Table 6.6 Experimental, truncation, parameter and model-to-model uncertainties

The first observation from Table 6.6 is that, except for the second (torsional) mode, the model-form uncertainty is comparable to truncation error (columns 3 and 5). It would be difficult to argue that one type of uncertainty is more significant than the other one. To achieve better prediction accuracy, one would need to simultaneously increase the level of resolution with which a calculation is performed, and implement a higher-fidelity representation of the joint. The close agreement between the two representations for the second frequency reflects the fact that neither model captures well the torsional deformation, especially at high bolt torque. The second observation from Table 6.6 is that, in all cases, varying model parameters produces larger prediction ranges than either truncation error or model-form uncertainty. We conclude that, for this particular application, model-form is not the main driver of prediction uncertainty. Calibration or small-scale experiments that focus on the joint dynamics would be needed to further reduce the unknown model parameter ranges.

Future work includes the development of models that better capture the torsional effects.

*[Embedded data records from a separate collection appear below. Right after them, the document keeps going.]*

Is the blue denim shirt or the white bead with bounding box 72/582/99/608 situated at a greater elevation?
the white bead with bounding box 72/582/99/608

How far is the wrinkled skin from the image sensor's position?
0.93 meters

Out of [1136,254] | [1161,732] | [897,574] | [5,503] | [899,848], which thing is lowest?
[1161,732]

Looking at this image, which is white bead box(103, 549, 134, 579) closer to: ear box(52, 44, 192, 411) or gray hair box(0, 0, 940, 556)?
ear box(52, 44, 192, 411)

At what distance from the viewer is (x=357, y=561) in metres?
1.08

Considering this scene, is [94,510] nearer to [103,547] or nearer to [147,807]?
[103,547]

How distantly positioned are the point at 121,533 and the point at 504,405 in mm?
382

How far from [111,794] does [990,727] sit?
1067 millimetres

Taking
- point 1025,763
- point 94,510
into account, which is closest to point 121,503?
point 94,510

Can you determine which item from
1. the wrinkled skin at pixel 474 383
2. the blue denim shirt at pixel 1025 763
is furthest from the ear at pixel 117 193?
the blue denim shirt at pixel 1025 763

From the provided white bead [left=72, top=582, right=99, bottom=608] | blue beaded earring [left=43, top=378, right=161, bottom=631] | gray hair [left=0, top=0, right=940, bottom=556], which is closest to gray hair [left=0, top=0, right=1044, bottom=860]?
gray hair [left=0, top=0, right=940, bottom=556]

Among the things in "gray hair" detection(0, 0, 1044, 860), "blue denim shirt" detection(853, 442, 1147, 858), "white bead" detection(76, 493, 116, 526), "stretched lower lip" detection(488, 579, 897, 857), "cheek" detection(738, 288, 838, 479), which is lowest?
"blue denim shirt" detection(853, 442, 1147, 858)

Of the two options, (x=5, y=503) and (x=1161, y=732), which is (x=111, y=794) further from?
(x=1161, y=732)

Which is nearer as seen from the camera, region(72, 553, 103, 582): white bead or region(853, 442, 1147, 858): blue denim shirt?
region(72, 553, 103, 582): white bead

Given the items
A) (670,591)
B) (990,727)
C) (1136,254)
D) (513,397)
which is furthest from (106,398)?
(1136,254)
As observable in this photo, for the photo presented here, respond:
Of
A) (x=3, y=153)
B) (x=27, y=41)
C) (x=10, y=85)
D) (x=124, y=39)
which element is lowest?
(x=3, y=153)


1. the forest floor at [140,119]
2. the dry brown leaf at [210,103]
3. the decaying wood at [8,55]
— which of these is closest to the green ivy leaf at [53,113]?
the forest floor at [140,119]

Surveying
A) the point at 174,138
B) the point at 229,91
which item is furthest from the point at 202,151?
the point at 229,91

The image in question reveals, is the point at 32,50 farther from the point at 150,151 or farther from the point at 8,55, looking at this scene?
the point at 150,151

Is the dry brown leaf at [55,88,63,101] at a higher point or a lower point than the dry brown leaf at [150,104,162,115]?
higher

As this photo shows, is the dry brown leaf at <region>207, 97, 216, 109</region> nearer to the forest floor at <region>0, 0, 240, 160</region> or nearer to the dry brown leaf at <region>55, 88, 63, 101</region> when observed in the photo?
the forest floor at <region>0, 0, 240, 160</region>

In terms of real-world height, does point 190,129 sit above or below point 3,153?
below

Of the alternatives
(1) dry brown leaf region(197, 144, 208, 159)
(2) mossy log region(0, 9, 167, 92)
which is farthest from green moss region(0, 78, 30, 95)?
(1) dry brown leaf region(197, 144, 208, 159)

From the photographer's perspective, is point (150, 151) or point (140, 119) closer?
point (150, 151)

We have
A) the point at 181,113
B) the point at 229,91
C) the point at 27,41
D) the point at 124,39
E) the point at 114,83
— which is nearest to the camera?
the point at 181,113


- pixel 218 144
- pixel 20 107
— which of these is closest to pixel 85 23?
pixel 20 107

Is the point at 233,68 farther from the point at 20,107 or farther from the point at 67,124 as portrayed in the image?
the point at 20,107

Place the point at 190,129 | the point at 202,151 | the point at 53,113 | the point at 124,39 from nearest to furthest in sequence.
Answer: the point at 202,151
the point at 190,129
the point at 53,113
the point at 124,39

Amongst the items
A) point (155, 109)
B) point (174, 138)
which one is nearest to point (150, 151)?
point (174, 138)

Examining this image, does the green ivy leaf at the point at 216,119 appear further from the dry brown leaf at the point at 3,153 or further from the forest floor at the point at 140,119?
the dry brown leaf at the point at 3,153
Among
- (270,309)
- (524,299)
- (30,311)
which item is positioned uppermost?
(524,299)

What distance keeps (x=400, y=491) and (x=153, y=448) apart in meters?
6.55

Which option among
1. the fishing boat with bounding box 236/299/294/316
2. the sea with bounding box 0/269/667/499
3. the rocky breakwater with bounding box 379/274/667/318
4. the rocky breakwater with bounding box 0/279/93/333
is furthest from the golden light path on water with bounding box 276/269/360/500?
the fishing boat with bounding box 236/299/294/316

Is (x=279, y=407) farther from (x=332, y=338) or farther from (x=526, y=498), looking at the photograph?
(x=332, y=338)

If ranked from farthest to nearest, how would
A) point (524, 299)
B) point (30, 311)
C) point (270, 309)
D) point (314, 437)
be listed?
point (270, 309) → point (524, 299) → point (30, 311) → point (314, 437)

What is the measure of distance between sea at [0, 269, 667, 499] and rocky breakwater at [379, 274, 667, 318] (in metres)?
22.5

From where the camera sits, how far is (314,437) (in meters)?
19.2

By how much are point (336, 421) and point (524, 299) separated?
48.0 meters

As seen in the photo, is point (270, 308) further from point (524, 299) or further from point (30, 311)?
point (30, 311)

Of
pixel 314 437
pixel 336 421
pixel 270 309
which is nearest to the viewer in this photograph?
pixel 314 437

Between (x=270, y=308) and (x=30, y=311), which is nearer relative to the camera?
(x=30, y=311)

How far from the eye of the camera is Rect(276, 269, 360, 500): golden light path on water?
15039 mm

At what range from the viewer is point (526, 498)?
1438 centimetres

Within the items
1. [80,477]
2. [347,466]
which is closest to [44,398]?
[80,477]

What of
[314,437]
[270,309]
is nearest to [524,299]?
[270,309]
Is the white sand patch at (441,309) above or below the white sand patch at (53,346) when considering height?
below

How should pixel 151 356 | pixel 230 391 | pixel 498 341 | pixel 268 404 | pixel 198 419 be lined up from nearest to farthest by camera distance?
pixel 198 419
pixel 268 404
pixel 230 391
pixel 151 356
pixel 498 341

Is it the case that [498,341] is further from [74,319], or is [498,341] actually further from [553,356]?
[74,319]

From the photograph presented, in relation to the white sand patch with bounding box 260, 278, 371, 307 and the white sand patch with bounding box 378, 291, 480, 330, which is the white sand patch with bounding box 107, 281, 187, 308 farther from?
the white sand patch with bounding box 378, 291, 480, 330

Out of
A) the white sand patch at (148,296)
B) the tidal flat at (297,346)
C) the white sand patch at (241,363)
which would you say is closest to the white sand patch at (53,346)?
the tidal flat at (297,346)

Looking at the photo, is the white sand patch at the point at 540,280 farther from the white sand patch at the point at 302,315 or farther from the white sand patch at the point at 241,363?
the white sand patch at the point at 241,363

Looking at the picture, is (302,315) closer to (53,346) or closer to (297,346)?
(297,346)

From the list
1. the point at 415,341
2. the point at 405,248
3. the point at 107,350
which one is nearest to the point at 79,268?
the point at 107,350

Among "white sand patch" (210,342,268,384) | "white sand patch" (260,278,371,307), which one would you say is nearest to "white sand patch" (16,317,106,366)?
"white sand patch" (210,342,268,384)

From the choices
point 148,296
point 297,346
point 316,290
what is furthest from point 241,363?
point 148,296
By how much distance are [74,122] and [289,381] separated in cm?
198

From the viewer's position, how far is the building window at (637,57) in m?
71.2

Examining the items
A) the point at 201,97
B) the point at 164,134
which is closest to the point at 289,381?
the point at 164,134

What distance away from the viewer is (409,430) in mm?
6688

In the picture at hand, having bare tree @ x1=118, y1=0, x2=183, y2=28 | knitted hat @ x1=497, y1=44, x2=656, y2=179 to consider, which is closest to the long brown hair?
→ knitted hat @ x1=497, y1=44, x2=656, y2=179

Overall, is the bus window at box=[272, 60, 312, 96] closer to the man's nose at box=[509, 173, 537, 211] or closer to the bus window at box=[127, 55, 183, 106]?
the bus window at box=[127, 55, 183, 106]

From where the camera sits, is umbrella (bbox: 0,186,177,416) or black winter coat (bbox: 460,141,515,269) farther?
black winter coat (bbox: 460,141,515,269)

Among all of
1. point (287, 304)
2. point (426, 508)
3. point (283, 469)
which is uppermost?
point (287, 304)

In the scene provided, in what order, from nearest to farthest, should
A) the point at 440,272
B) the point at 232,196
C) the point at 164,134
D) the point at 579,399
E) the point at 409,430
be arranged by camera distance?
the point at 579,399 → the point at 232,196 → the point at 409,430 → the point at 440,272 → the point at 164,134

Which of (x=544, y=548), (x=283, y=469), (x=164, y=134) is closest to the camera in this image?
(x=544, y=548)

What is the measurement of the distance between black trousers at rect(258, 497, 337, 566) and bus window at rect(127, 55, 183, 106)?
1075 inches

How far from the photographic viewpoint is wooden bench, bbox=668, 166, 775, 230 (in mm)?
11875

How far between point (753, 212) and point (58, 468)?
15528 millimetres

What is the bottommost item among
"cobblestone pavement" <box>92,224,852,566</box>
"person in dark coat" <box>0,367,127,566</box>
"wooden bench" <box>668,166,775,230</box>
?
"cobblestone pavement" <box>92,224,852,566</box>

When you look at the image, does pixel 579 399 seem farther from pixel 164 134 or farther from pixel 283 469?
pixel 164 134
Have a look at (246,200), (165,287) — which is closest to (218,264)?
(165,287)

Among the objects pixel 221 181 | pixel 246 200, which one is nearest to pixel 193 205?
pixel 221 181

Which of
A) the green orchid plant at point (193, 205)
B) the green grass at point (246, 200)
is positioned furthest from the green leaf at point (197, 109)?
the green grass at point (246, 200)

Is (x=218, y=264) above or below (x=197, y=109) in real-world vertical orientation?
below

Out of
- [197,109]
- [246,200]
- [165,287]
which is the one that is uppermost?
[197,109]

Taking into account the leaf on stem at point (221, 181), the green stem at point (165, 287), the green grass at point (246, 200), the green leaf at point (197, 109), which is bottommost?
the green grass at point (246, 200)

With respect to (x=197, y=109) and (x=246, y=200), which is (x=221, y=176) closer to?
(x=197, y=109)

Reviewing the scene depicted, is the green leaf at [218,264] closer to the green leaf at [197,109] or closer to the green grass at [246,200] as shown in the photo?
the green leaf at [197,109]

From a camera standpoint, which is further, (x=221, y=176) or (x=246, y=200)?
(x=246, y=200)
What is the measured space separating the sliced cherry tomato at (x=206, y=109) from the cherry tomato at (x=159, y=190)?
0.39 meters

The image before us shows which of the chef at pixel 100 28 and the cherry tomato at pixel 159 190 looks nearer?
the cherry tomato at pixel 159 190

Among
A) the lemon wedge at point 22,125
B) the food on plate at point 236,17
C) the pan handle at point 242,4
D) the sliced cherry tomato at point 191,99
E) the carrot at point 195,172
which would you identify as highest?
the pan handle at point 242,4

One suggestion is to add point masses to the face of the top beam where bolt heads are located. Mass loading might affect the torsional deformation in ways that are different than varying the bolt torque level. Other model forms, such as discretizing the bolts with three-dimensional solid elements, can also be pursued.

This study demonstrates the benefits of implementing simplified modeling rules, however, only when the effects of these assumptions are studied and understood. This is what we propose through parameter studies and test-analysis correlation assessments of different model forms. We argue that this strategy yields a more thorough quantification of model-form uncertainty, instead of only relying on calibration to improve the accuracy of predictions.